No, there will always be 3 times as many indices as there are triangles, regardless of wether we are sharing vertices or not.

Your figures for the triangle count are correct, but the number of indices are equal to 3 * tricount.

Therefore, for a plane of U * V vertices:
There are U * V vertices (obviously)
There are (U - 1) * (V - 1) * 2 triangles
There are (U - 1) * (V - 1) * 6 indices

As eq said, there can be between U * V (best case) to (U - 1) * (V - 1) * 6 (worst case) vertices. The latter is the case if you can't use ANY vertex twice, that means you'd have 3 vertices for each triangle.
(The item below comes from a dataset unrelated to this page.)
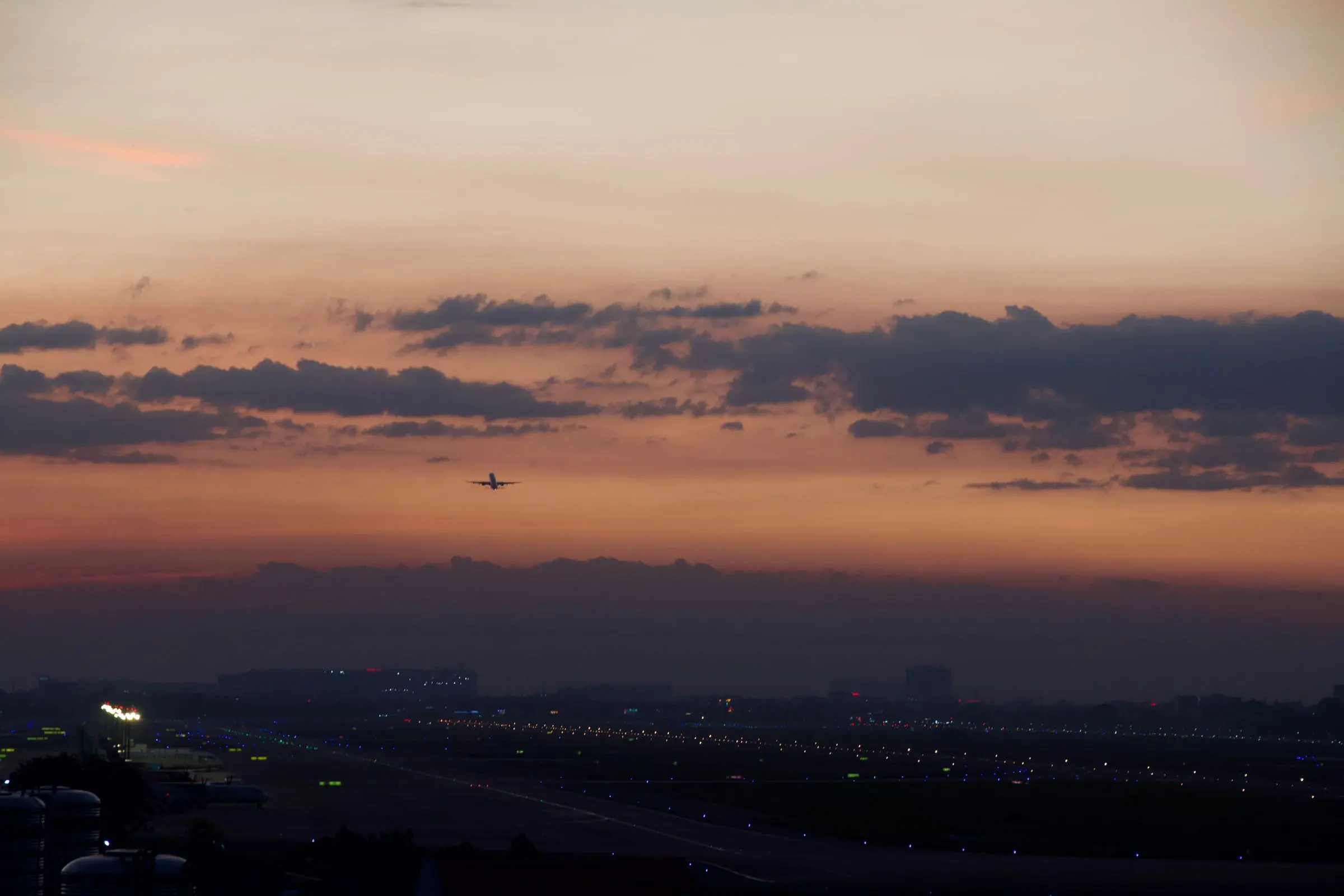Il cielo dell'alba, rosa e sabbia, sopra un aeroporto: un aereo piccolo in avvicinamento e le luci della pista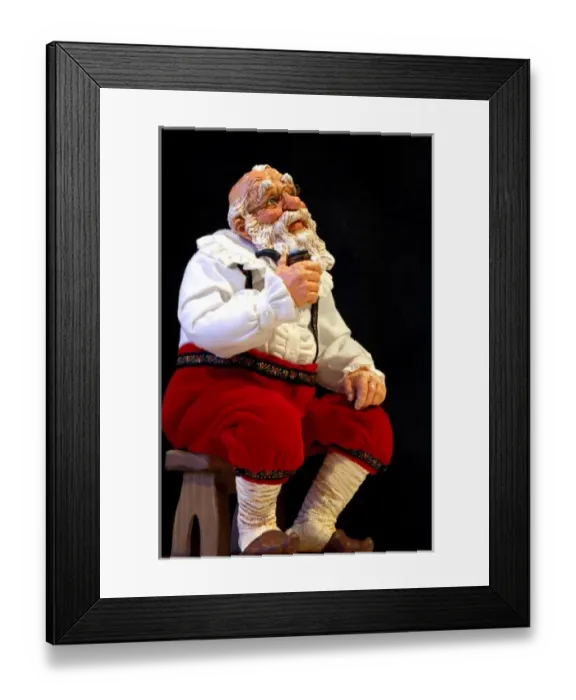 Framed Print : Holiday still life. Simpich Caracter doll, thinking Santa with pipe. Property released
But in the normal case you can share vertices so you'd end up with U * V vertices. The number of indices depends on your primitive type:

Triangle lists: (U - 1) * (V - 1) * 6 indices
Triangle strips: U * 2 indices for each strip + 2 additional indices for connecting two strips with degenerated triangles. You have V - 1 strips, so you get (V - 1) * U * 2 + (V - 2) * 2 indices.

Assuming a 10 * 10 plane you'd get 9 * 9 * 6 = 486 indices for triangle lists and 9 * 10 * 2 + 8 * 2 = 196 indices for triangle strips = a saving of 290 indices!!!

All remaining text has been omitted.